**Problem details**. Which lines run from the one with "Volkswagen Passat 2.0 TDi Elegance" through the end of the data? Retype them exactly, without pictures.

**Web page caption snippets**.
□ □ □ □ □ □ □

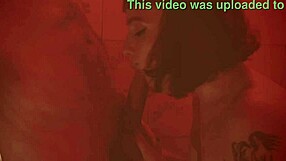 i met a fan in the bathroom after the show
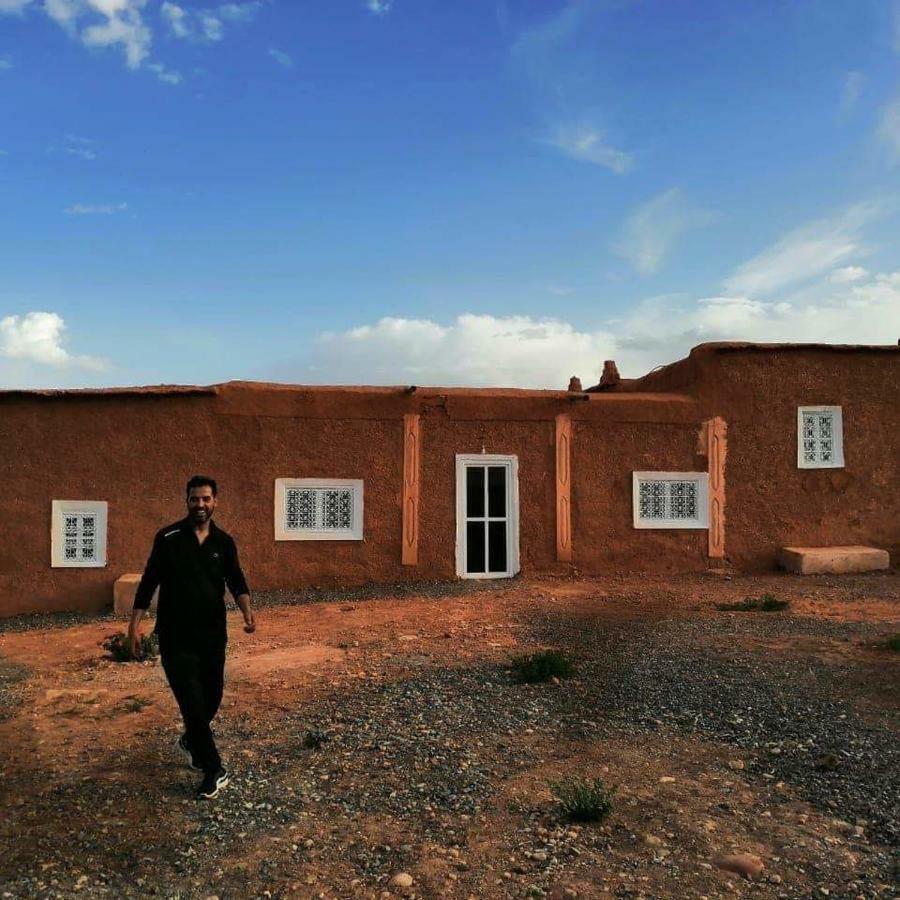 Tigmi Hamid Decouverte Des Traditions Et De La Culture Berbere Aït Benhaddou Eksteriør bilde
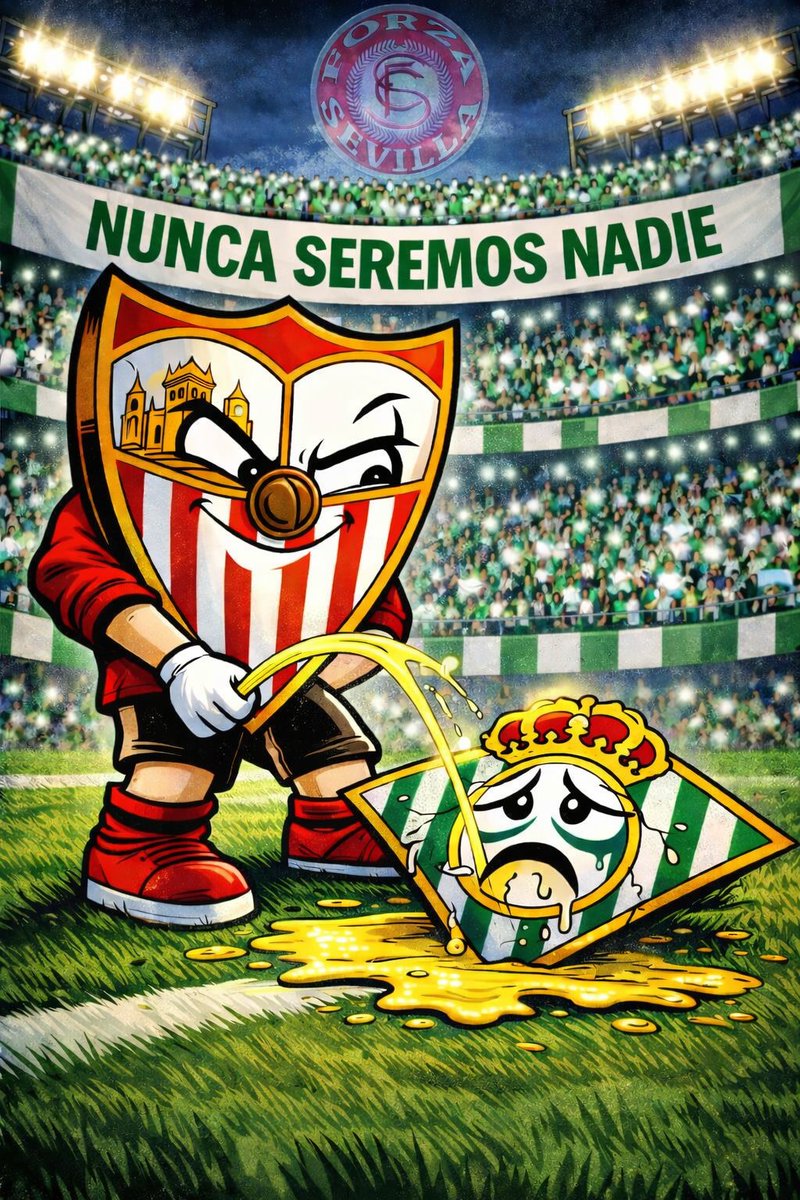 PS Forza Sevilla Campeón tweet media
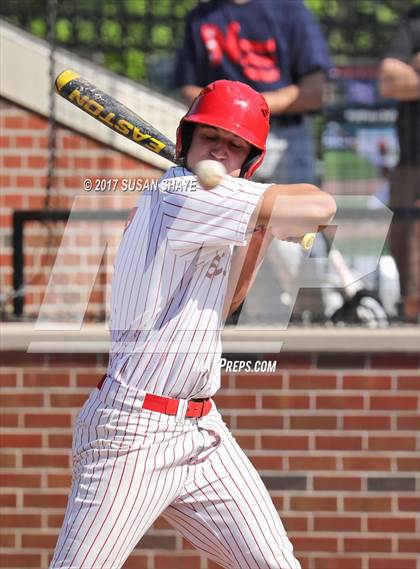 Thumbnail 3 in Belmont @ St. John's (MIAA Division 1A 1st Round) photogallery.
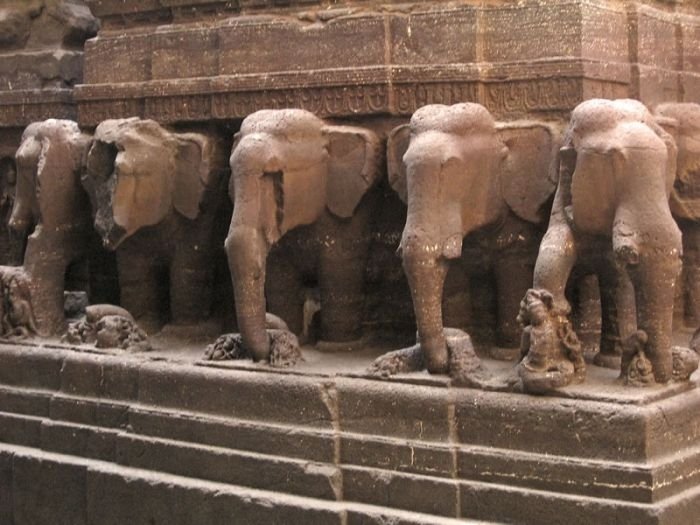 Ellora Caves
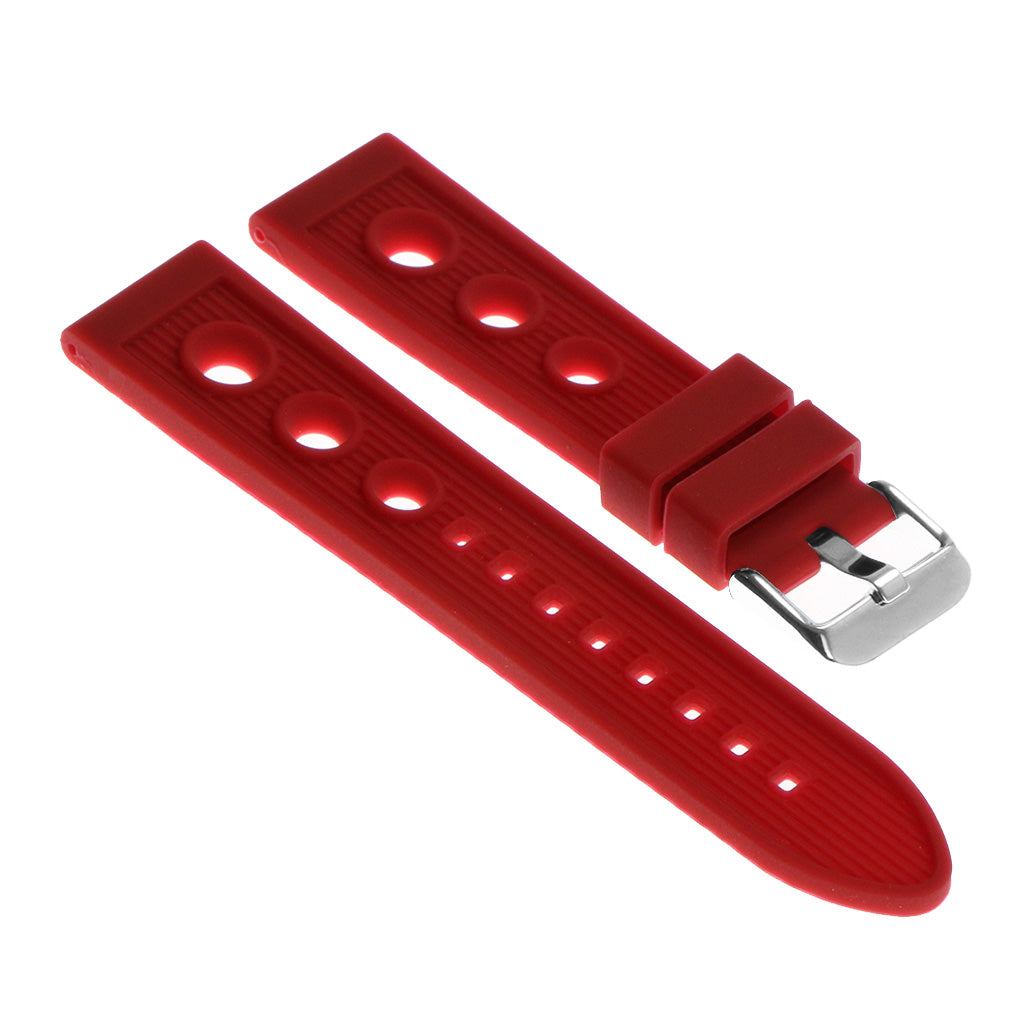 Rubber Rally Strap for Apple Watch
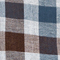 BLAUGRAU/ BRAUN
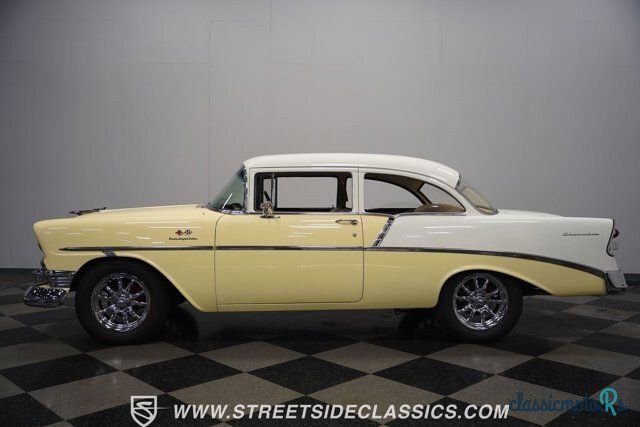 1956' Chevrolet 210 photo #2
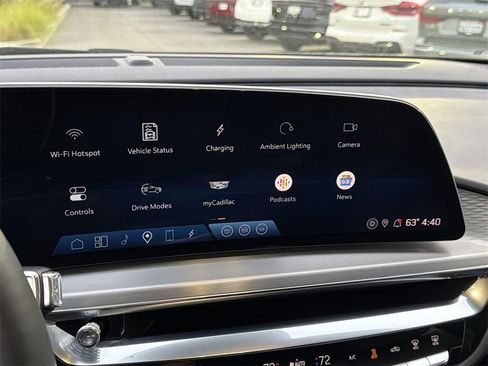 Used 2023 Cadillac Lyriq 2WD image 12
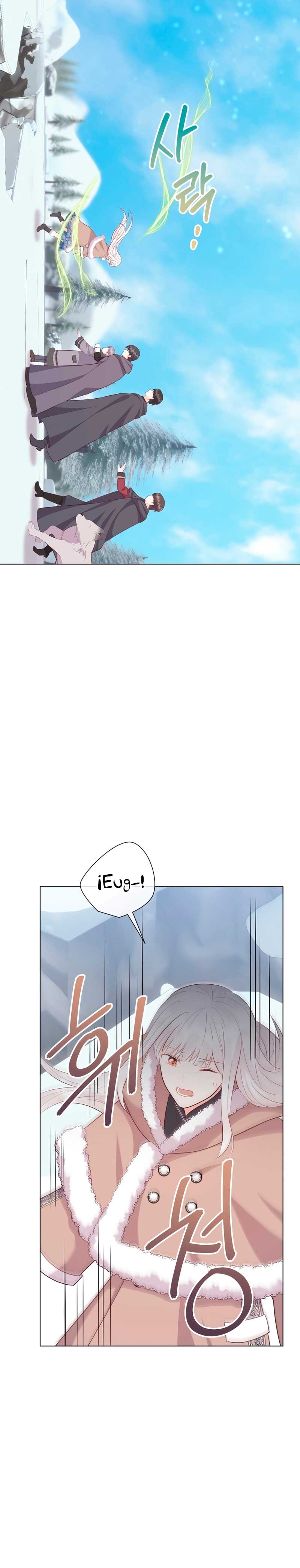 ¿Te gusta tu mamá o tu papá? Capítulo 66 - Page 9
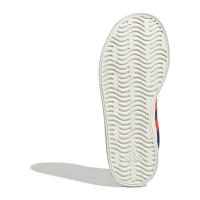 thumbnail: adidas Sportswear VL Court suede sneakers 3.0 donkerblauw/oranje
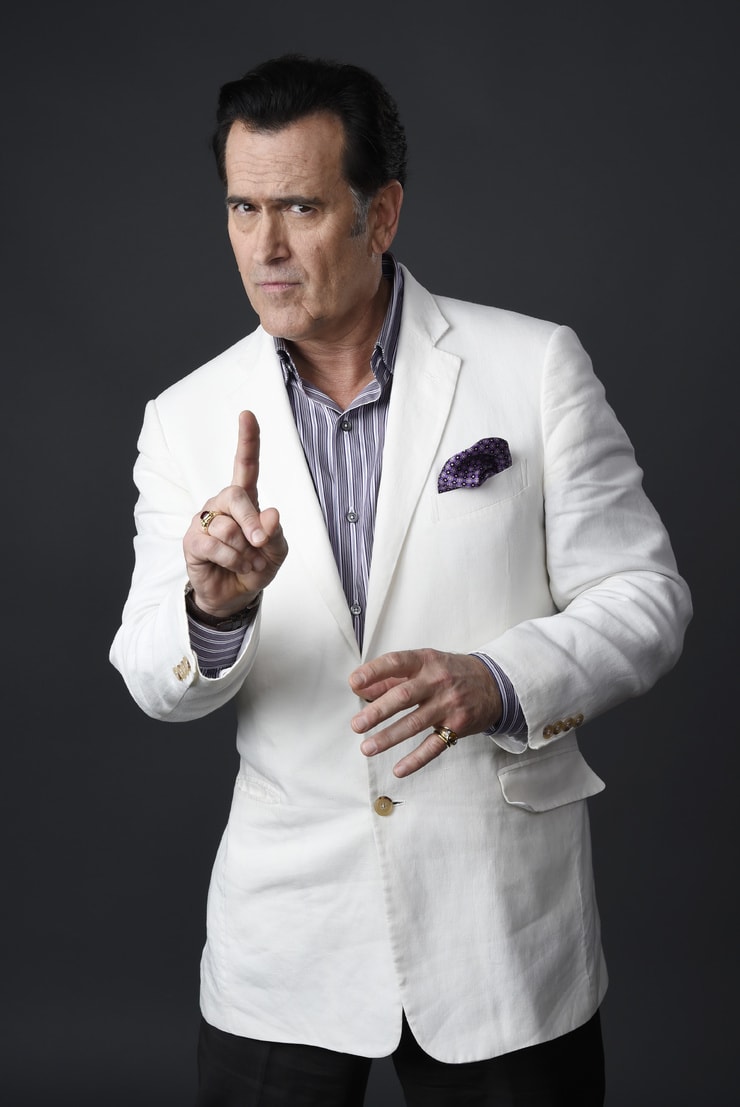 Bruce Campbell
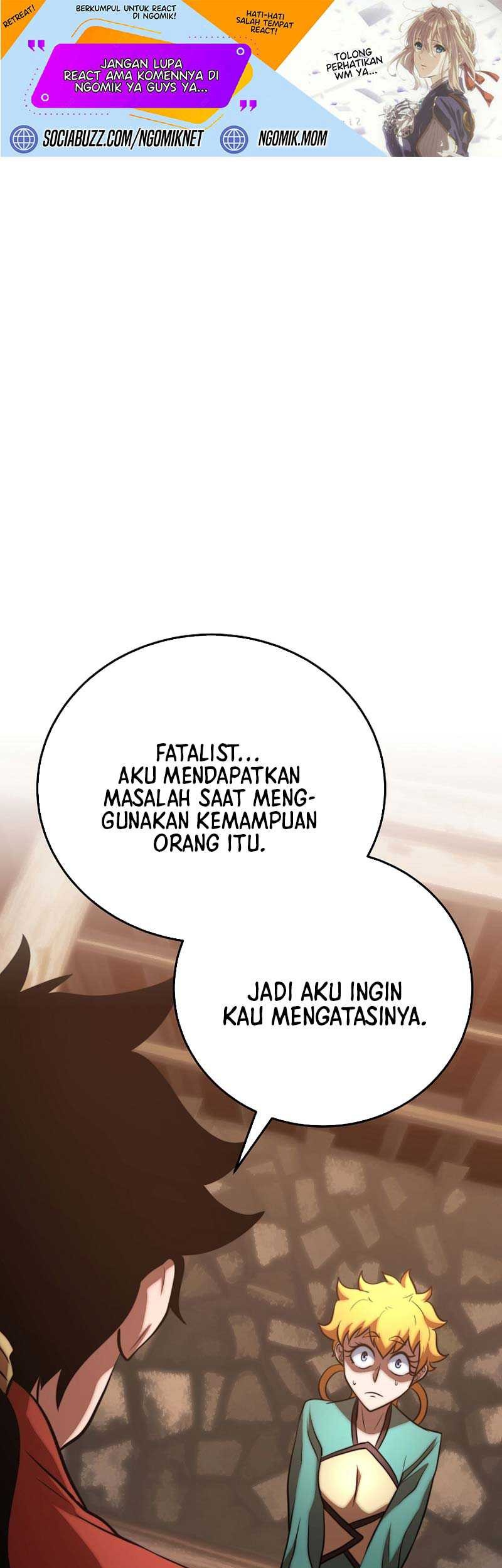 Baca The Heavenly Demon Destroys the Lich King’s Murim Chapter 91 Gambar 2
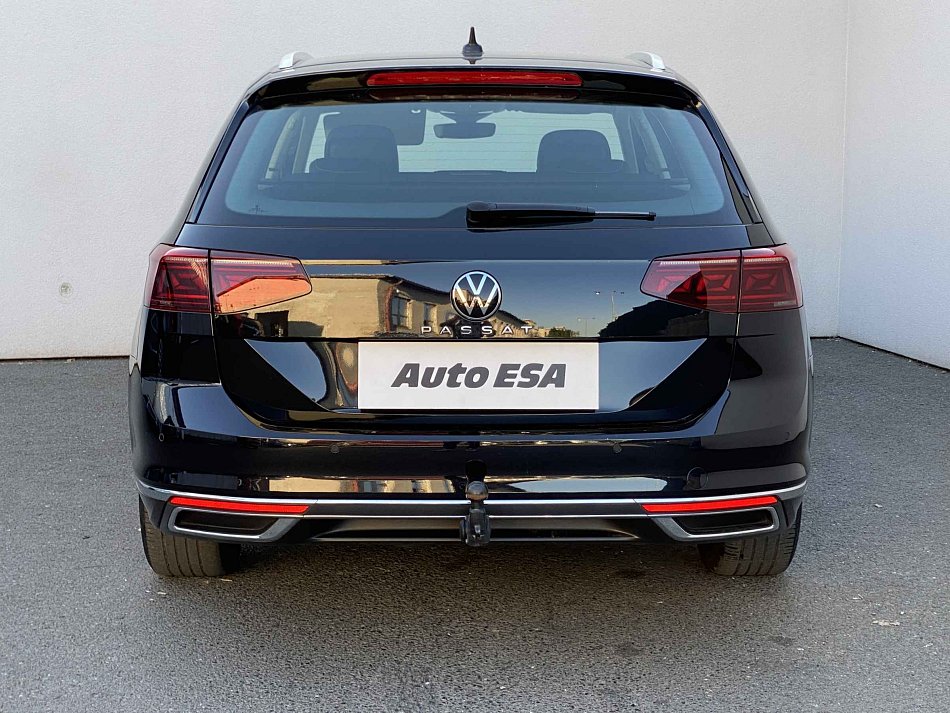 Volkswagen Passat 2.0 TDi Elegance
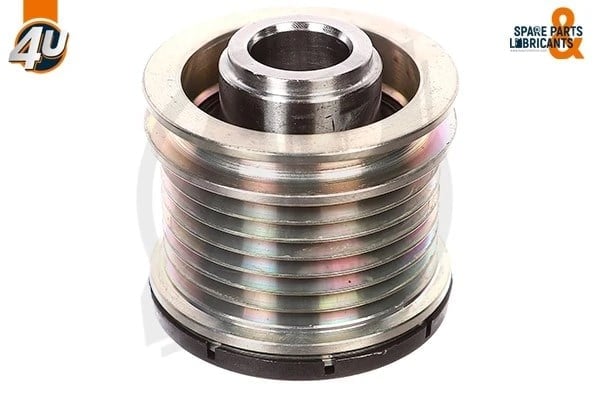 4U Autoparts 32141MR Şarj Dinamo Kasnağı 04801250AA uygun fiyat hızlı kargo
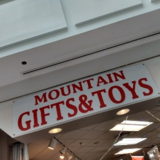 Mountain Gift And Toys - Gift Shops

□ □ □ □ □ □ □

**Task solution**.
 Volkswagen Passat 2.0 TDi Elegance
 4U Autoparts 32141MR Şarj Dinamo Kasnağı 04801250AA uygun fiyat hızlı kargo
 Mountain Gift And Toys - Gift Shops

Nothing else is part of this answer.